EXERCISE.
Using the listing below, retype the line bearing "This Machine Uses" and each line after it, word for word, and nothing further.

==========

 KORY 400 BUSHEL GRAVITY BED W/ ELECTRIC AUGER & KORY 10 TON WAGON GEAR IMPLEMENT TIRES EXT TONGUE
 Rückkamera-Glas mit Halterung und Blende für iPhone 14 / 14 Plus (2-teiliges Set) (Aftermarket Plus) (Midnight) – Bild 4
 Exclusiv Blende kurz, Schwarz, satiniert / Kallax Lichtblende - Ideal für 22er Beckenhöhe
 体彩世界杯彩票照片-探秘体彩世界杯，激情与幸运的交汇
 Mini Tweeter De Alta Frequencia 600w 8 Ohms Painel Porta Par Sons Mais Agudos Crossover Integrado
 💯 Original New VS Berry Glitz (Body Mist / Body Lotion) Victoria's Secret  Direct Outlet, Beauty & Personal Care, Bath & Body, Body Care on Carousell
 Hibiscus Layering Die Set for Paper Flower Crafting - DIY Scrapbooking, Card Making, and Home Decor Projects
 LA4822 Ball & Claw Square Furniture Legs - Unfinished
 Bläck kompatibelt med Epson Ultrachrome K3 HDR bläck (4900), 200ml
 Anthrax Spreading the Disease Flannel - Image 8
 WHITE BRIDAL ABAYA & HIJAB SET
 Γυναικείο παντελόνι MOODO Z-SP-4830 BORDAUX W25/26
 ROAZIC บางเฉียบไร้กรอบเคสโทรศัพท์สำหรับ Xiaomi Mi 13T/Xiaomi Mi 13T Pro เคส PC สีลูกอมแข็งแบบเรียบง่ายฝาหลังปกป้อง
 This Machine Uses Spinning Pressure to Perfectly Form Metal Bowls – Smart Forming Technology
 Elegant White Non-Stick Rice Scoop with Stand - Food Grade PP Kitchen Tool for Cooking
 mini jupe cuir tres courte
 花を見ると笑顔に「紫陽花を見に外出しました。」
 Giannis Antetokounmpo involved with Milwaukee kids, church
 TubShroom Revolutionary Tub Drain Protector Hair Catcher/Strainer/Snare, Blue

==========

OUTPUT OF THE EXERCISE.
 This Machine Uses Spinning Pressure to Perfectly Form Metal Bowls – Smart Forming Technology
 Elegant White Non-Stick Rice Scoop with Stand - Food Grade PP Kitchen Tool for Cooking
 mini jupe cuir tres courte
 花を見ると笑顔に「紫陽花を見に外出しました。」
 Giannis Antetokounmpo involved with Milwaukee kids, church
 TubShroom Revolutionary Tub Drain Protector Hair Catcher/Strainer/Snare, Blue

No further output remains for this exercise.